A founding member of the grassroots group Addiopizzo spoke with us about the organization’s efforts to combat the mafia. Through convincing customers to shop only at establishments that don’t pay pizzo—“protection” money the mafia demands of shop owners that really only protects shops against the mafia—Addiopizzo has created a network of establishments that have taken a stance against paying pizzo. As the group’s motto states, “Un intero popolo che paga il pizzo è un popolo senza dignità.” By hindering the mafia economically, the group hopes to decrease not only the mafia’s political and social influences, but also Sicily’s association with the mafia. And so while I did send the photo above to my mom with the caption, “This is where Sofia died in the Godfather!!” I made sure to note after that we were on an “anti-mafia” tour and that, as our tour guide emphasized, this is the largest theater in Italy and the third largest in the world.

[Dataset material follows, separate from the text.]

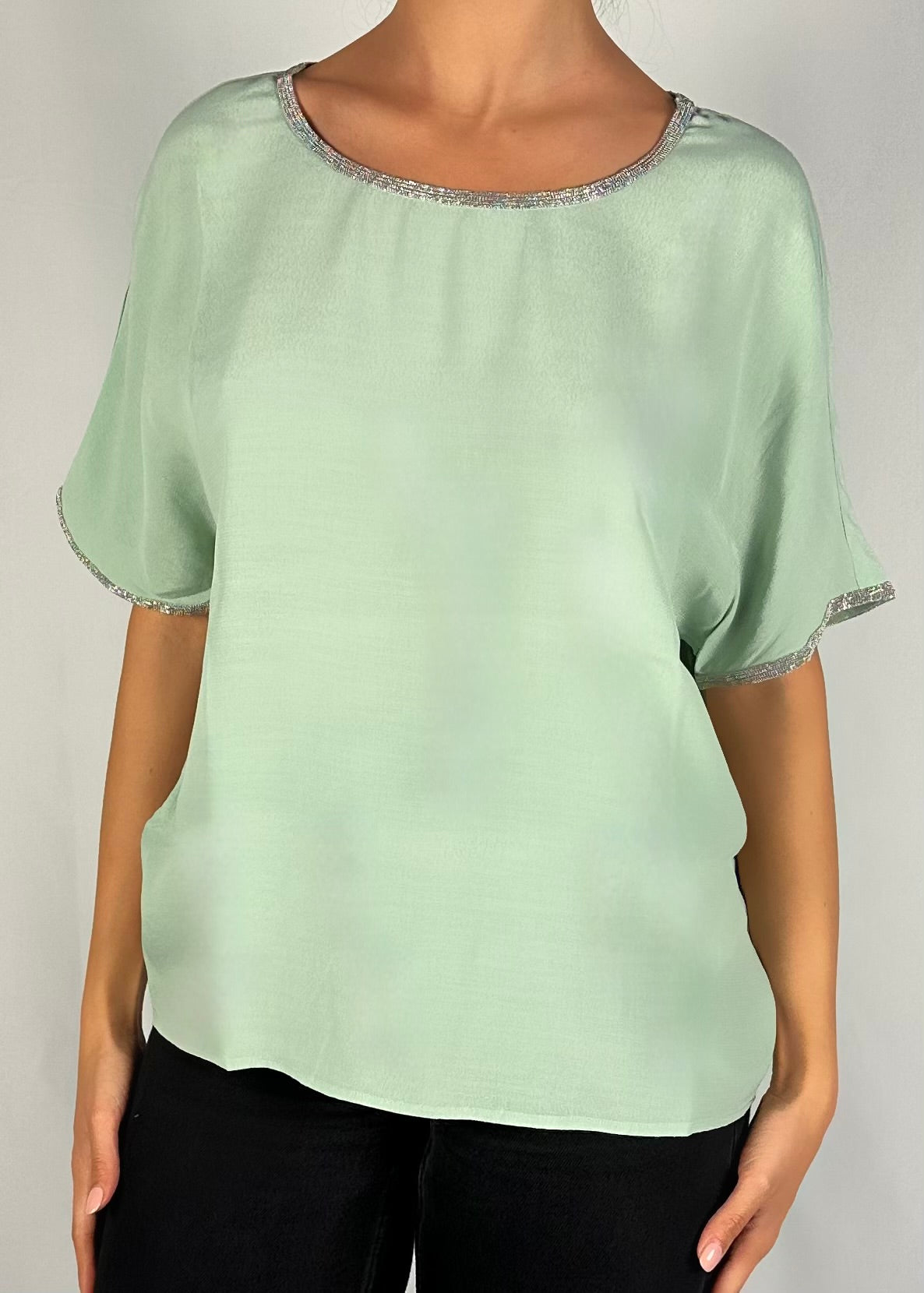 Blusa a maniche corte con rifiniture brillanti drultok verde polvere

The architecture of the Palermo cathedral is one of the many visual examples of how Sicily has been conquered by so many groups over the years. Though beautiful, the cathedral is a mix of many different styles, each an effort of the newly powerful group to place their own mark on this land. Throughout the trip, in our visits to both ancient and modern sites, we noticed the way in which the island’s identity has been redefined over the centuries. Earlier that day, during our visit to a prison used during the Spanish Inquisition, we saw the way the prisoners from all different parts of the world wrote prayers and words in different languages on the walls, still preserved. This marriage—co-existence? conflict?—of various cultures perpetuates across Sicily.